Sunday, January 19, 2020
A few months ago I found a pattern for a make-up roll-up in a sewing book and thought I could adapt it to use to carry utensils for lunch. My first template, for myself, used the 18" one I used for the denim pillow.
Using fabric I bought intended for a tote bag, I made an acceptable and useful product.
But thinking about making some for gifts I learned a lot making four more and changed the original size to 16" square. These are not perfect by any means, but handmade is always better than perfect, don't you think?
I found single servings of utensils and straws and tucked a note about the materials in the largest pocket.
Having a Christmas deadline made me push past the set-backs and problems I encountered. When the clock is ticking and when you are focused, you can finish projects. I need to remember this!
Sunday, November 3, 2019
When I was a crochet kick a few years back, I picked up some mixed-fiber yarn from Bernat Mix Home. It has five different fibers in it~acrylic, cotton, nylon, wool, and polyester. At the time, I was hoping the company had more ideas for what to make with this funky, chunky yarn than just the blanket pattern on the inside label. But, I couldn't find any. Nor had any crafter played with the yarn and posted photos. Googling it today, I discovered many adventurous crochet lovers have tackled this unusual product.
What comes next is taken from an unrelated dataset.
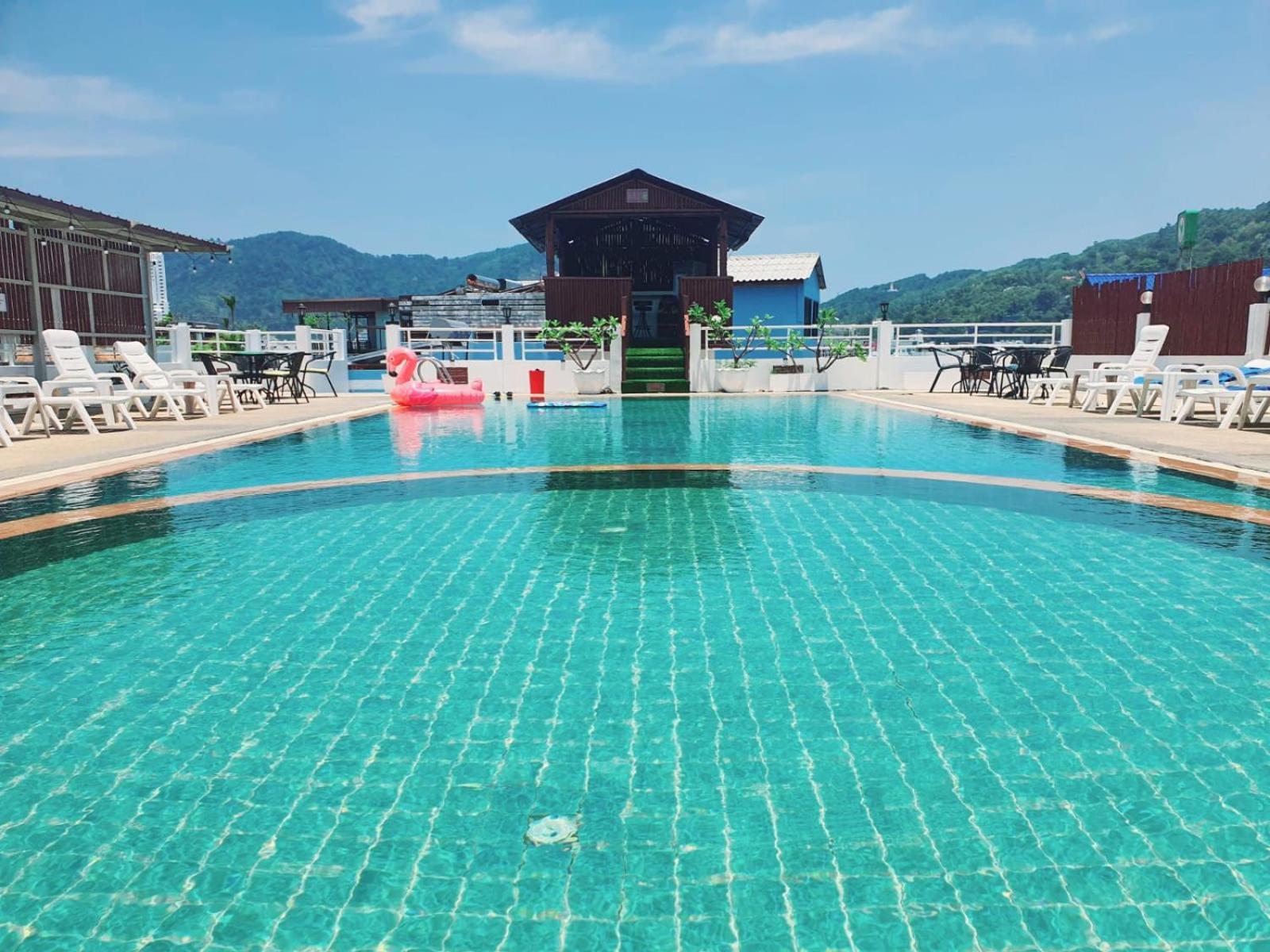 Hotel Issara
The first project I made using the green yarns. I can't remeber now if I used one skein or two. My idea was to use it as a fiber bulletin board. I added a wooden dowel at the top with green leather cord. But it was so small, so strange, and so uneven I abandoned the idea of giving it to anyone. It's not totally bad when I look at it now. Maybe a funky wall hanging?
Last week, I went through my big bin of yarn (there's a reason I've been on a yarn diet!) and found the one I started and stopped in the blue colors (Wedgewood). Picking it up, I continued working on it the last week and, bit by bit, I've finished the three skeins I had. It's an interesting piece and Winnie, my denim whale, likes it.
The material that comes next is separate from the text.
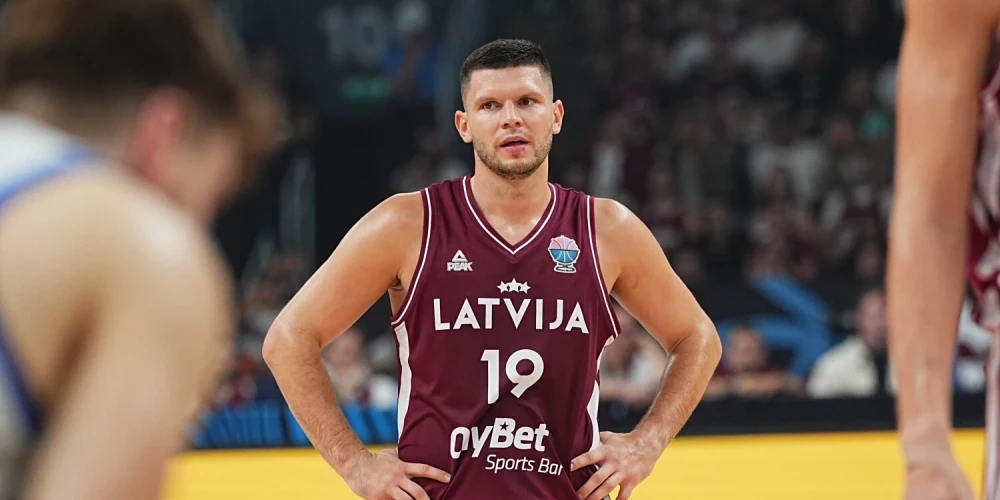 Rihards Lomažs spēlē pret Čehiju diriģēja uzbrukumu.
For both pieces, I just used a very simple single crochet design, back and forth. I chained a length that I liked and then just repeated. Using a 10 mm crochet hook helped get through all those thick textured fibers. The hardest one to crochet through was that bumpy part held together with some kind of black thread. Sometimes I felt l was only guessing where the previous row was as I inserted the hook to make the next single crochet. I was always happy to be done with that section and on to the other four fibers. Ironically, it's the most dramatic and textural on the finished piece.